Se trata de 18 hectáreas que se encuentran bajo riego, con un sistema de pivote. El campo está en la localidad de Arroyito, a 35 kilómetros de El Chocón, en la provincia de Neuquén.
Justamente, en Arroyito, el Gobierno neuquino está desarrollando, junto a una consultora vinculada a la Universidad Ben Gurión, de Israel, un plan maestro con la probada tecnología de riego israelí en zonas áridas.
Aunque para muchos parecerá una locura, los impulsores del proyecto sojero están convencidos de que no lo es. Dicen que allí hay condiciones similares a las del norte de EE.UU., donde la soja funciona perfectamente.
Julio Ferrarotti, del semillero rosarino Relmó, es uno de los entusiastas y gestor del proyecto, al que se sumaron otras conocidas empresas del sector, como Basf, Rizobacter, Cestari, Plá, Claas y Allochis. Cada una aportará sus productos y servicios.
Este año sembraron allí dos variedades de soja que pertenecen a los denominados Grupo II y Grupo III, que habitualmente se implantan en las regiones más al sur de la geografía argentina.
Los impulsores de la idea están convencidos de su potencialidad.
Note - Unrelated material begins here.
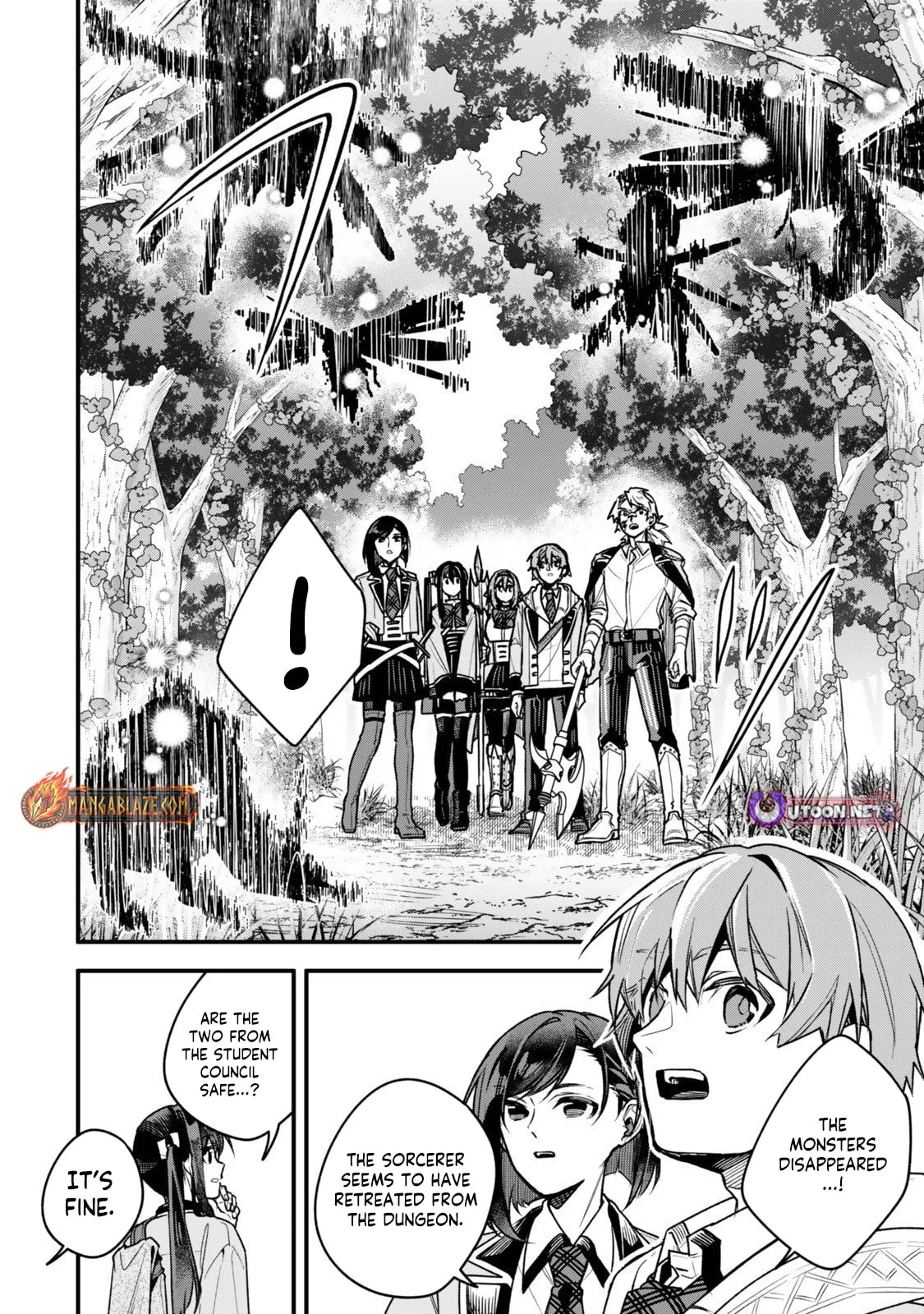 I Should Have Been Reincarnated as a Supporting Role, but Before I Knew It, I Had Become a Legendary Alchemist. Chapter 28.2 page 4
Afirman que ya tienen 5 años de ensayos y que el año próximo multiplicarán la apuesta, ya que sembrarán 200 hectáreas allí.
Las evaluaciones que hicieron, y teniendo en cuenta que no tendrán problemas de agua (por el riego), les permite pensar en obtener rindes similares a los de la Pampa Húmeda. Ferrarotti sostiene que una expectativa lógica está en torno a los 2.500 o 3.000 kilos de soja por hectárea.
Esa cifra está en línea con el promedio nacional, que se ubica cerca de los 2.700 kilos por hectárea, aunque en los campos de punta se obtienen picos más altos, que las empresas que ahora se aventuran a la Patagonia no descartan alcanzar.
Si todo sale como está previsto, la cosecha se hará en marzo y luego, en invierno, se lanzarán a sembrar trigo, como se hace en esa época en el resto del país.
Los impulsores del proyecto sostienen que los estudios agroecológicos que llevaron a cabo demostraron que las condiciones del norte de la Patagonia son similares también a muchas de Israel y California, donde los cultivos bajo riego tienen un fuerte desarrollo, a partir de la incorporación de tecnología.
Se entusiasman, además, pensando en que la zona está bien posicionada en cuanto a los fletes, un rubro que impacta muy fuerte en los costos de los productores agropecuarios.
En este caso, no están tan lejos del puerto de Bahía Blanca, importante para la producción granaria. Al menos, están más cerca que buena parte del noroeste de Rosario, la salida que esa zona tiene más a mano.